Arguments on diagnostic criteria influencing results are only relevant if you provide grounds for the belief that the interpolation from the CF population to the ME/CFS subpopulation doesn’t work. That is not the case in the piece above.

As far as I’m aware there is an analysis that suggests that the trial results look similar for them PEM population and argues for interpolating the results. Unless anybody provides a different analysis for this subpopulation (suggesting worse outcomes, higher dropouts or that the sample size is too small to say to say anything in the end), these arguments are not weak, they are counterproductive. Because all you're saying is actually that “we don’t know if it works because the wrong criteria were used” when in fact there’s an analysis suggesting the generalisability (or actually opposite) of the results. Which just means that you end up arguing CBT & GET work for ME/CFS. And afaik the trial hypothesis is that things should work even better with people with PEM, since these are the most “scared of exercise people”.
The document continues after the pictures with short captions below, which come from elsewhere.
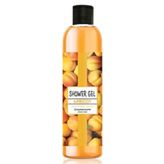 Huncalife Kayısı 350ml Duş Jeli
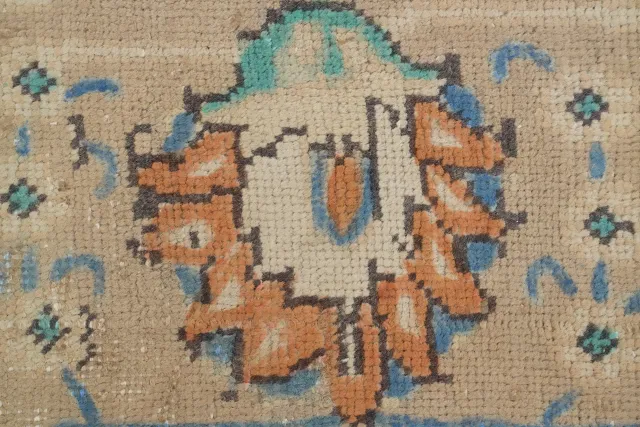 https://image-static-obj.rugsource.com/small/158826_3077646_c0e11b58.jpeg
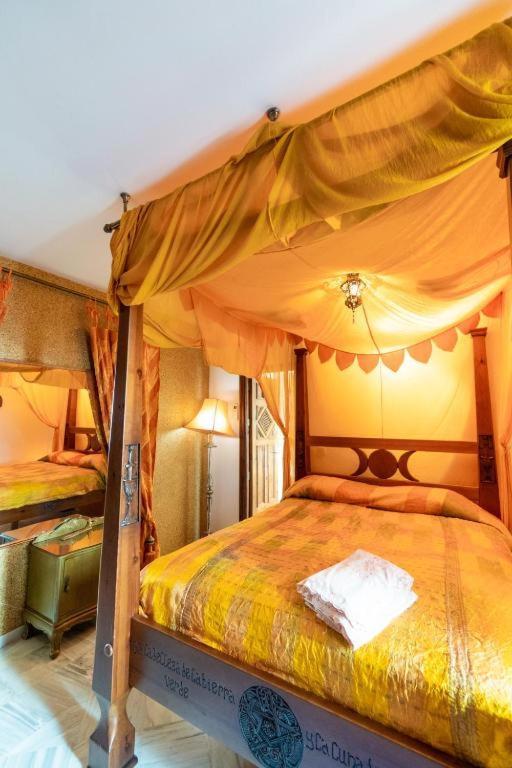 Apartment Rentalsevilla Nepal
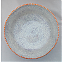 SSP565 - sold - not available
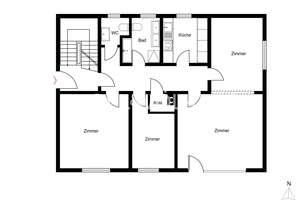 Property thumbnail 5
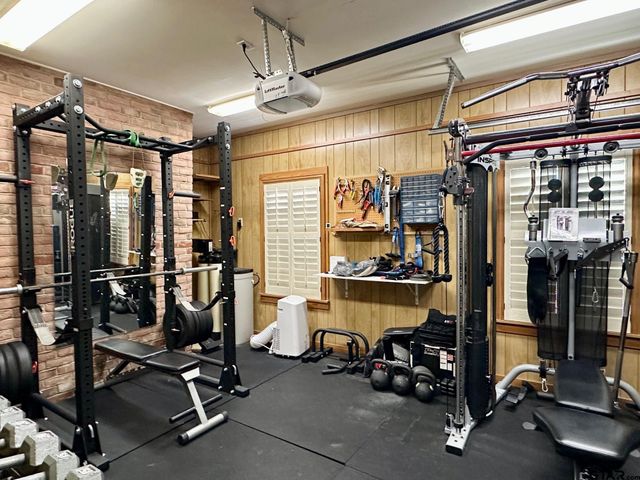 1411 Brandywine, Tyler, TX 75703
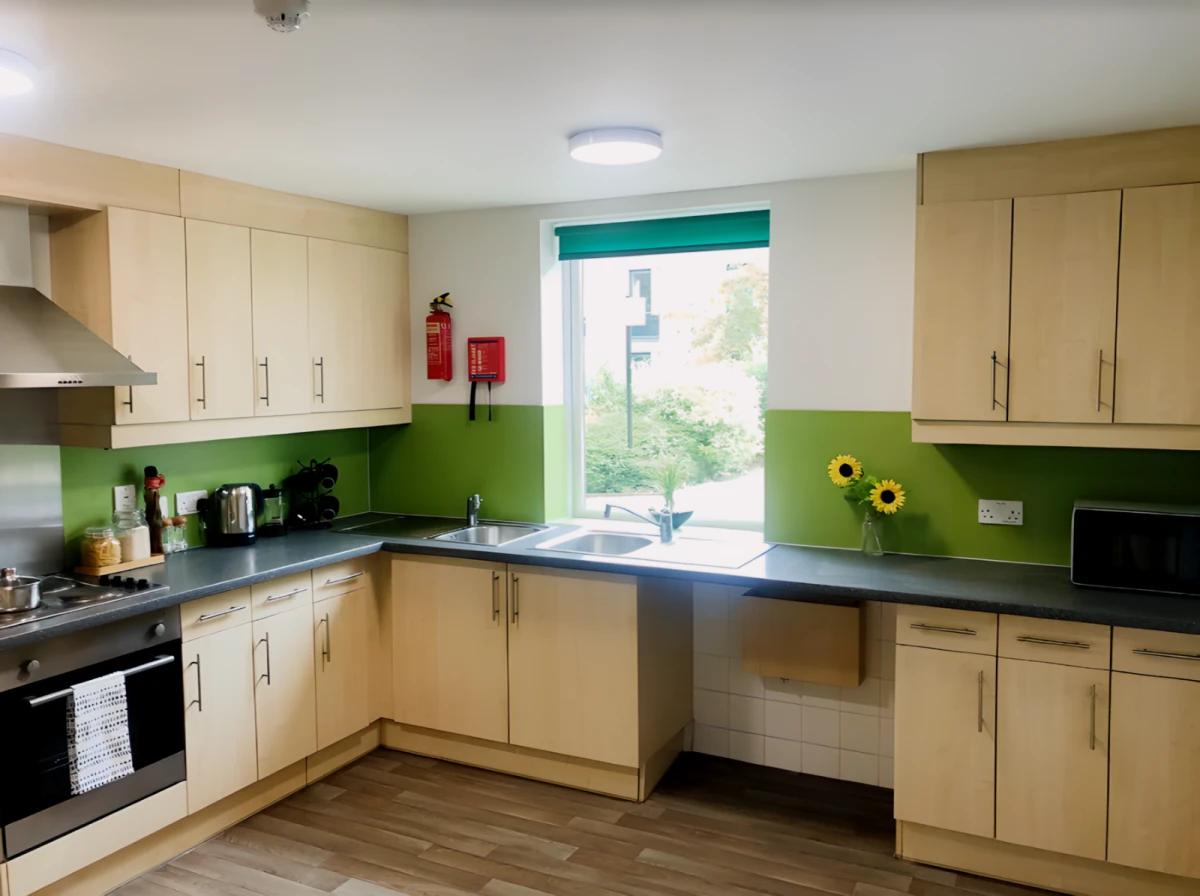 Property preview 3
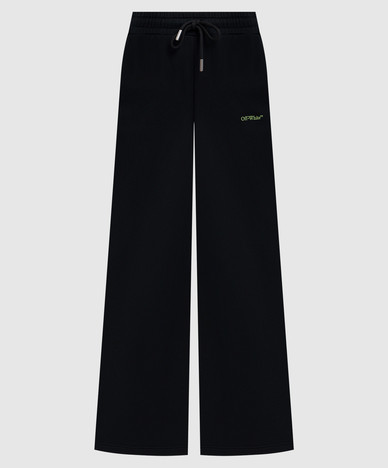 Off-White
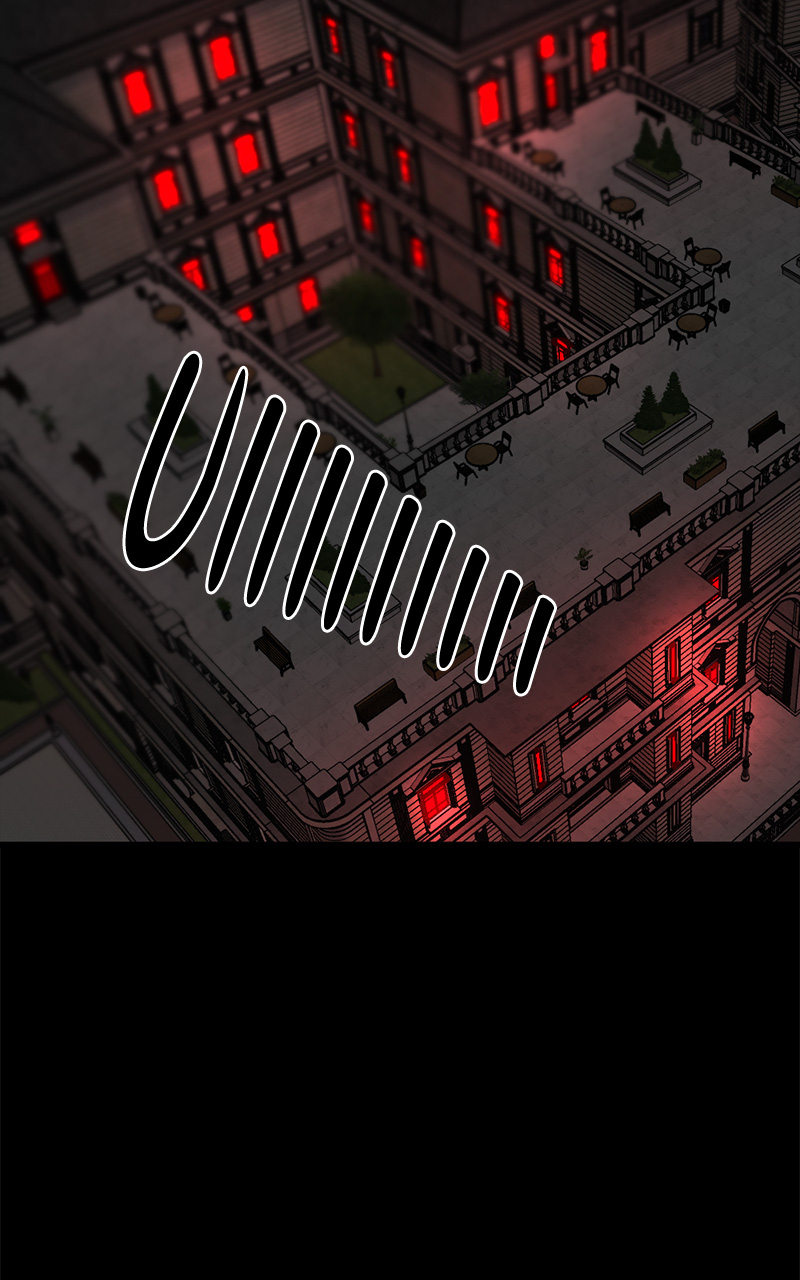 Hero Killer Chapitre 53 - Page 107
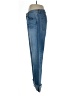 3x1 Blue Jeans Size 30 waist - photo 5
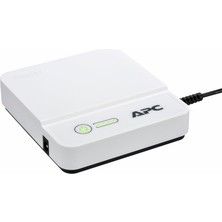 Esplendor Apc CP12036LI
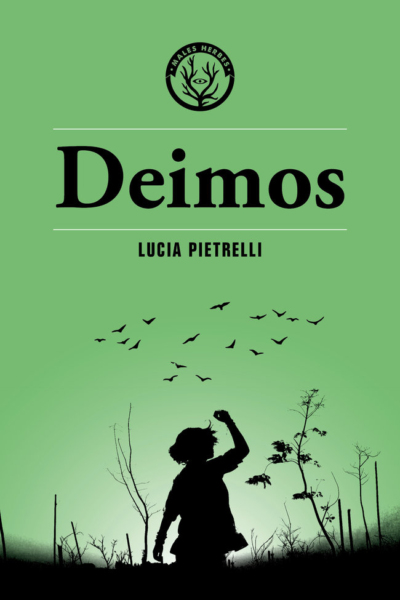 Deimos
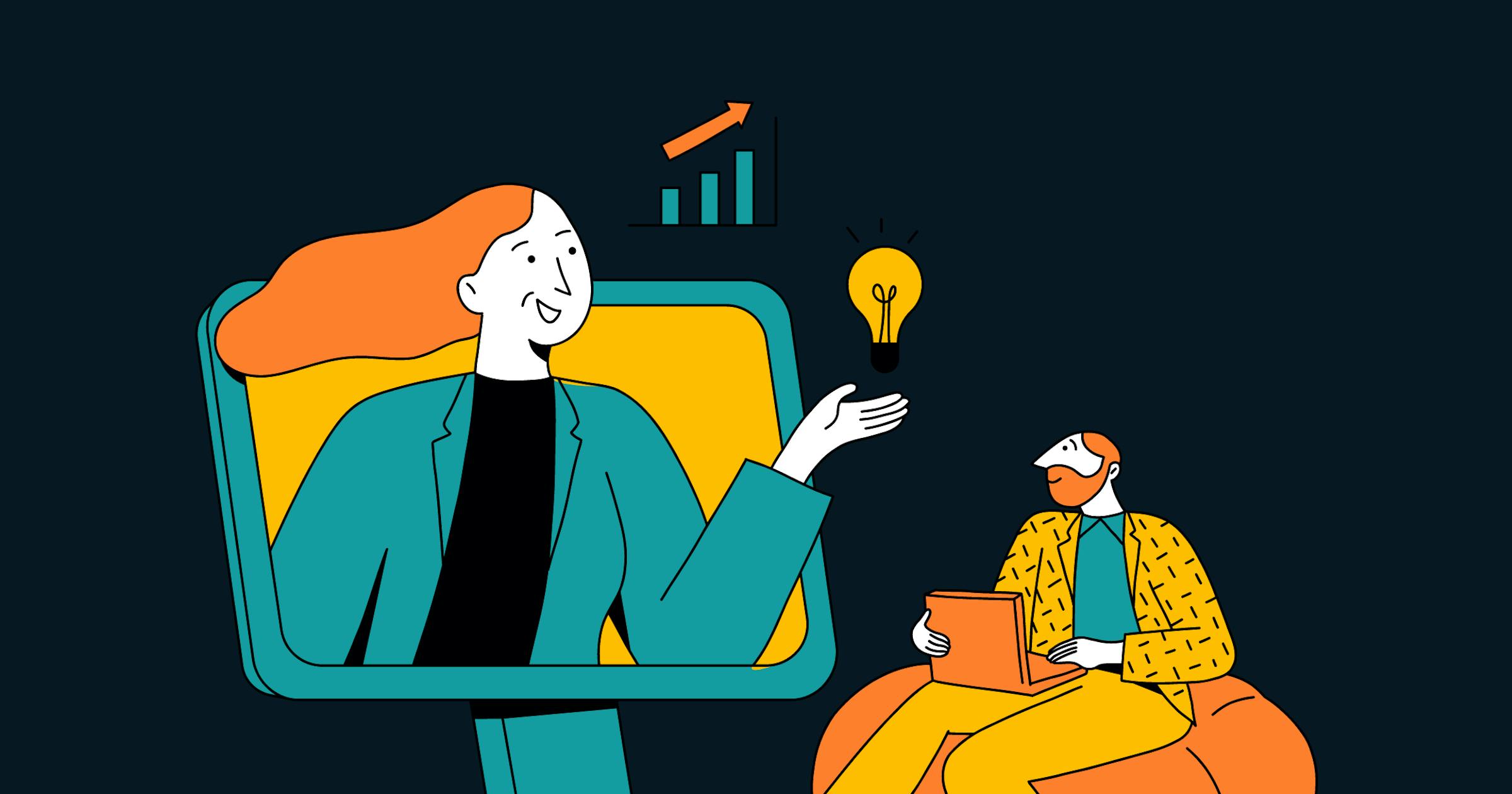 AI in efficiency tools: benefits and limitations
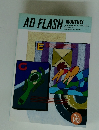 AD FLASH MONTHLY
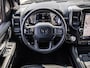 Dodge Ram 1500 Limited Night Edition | Digitale cluster | 5.7L HEMI V8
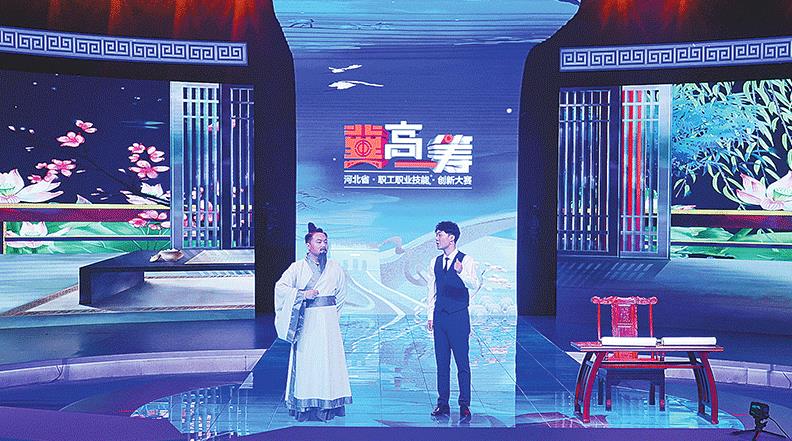 360截图20240812102413505.jpg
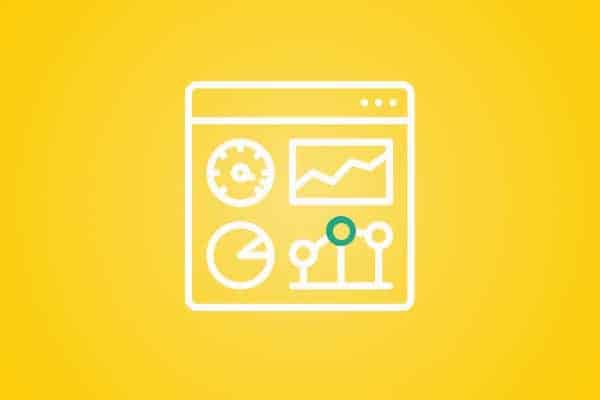 Dashboarding - seo dsahboard of marketing dashboard inrichten? Laat het door een seo professional doen.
I think the situation is fairly simple:
  • The results hold for the CF population and interpolate to the ME/CFS subpopulation.
  • The results hold for the CF population but don’t interpolate to the ME/CFS subpopulation.
  • The results hold for the whole population and don’t show any meaningful clinical benefit, for example because all objective and long-term measures are null and because all other results are consistent with bias of open label trials which alter questionnaire answering.
The argument in the piece and the one that constantly comes up, most recently by a senior figure at Cochrane, is that of the second point, which is entirely counterproductive as I see it.
 
Yes, I think this argument about diagnostic criteria in relation to CBT is counterproductive. As far as we know it doesn't work however broad or narrow the cohort selection criteria.

Using CFS to cover 'non-ME/CFS chronic fatigue' is also very unhelpful. Chronic fatigue syndrome was not originally intended to mean chronic fatigue n.o.s. as far as I am aware. And there is no other fatigue 'syndrome' than ME/CFS as far as I know.
 
I agree that in relation to the symptom of fatigue that the criteria used in ME/CFS studies are not so relevant, for the reasons listed by others.

Chronic fatigue syndrome was not originally intended to mean chronic fatigue n.o.s. as far as I am aware.
IIRC, going back to at least the Holmes 1988 CFS criteria the symptom chronic fatigue has always been explicitly differentiated from chronic fatigue syndrome.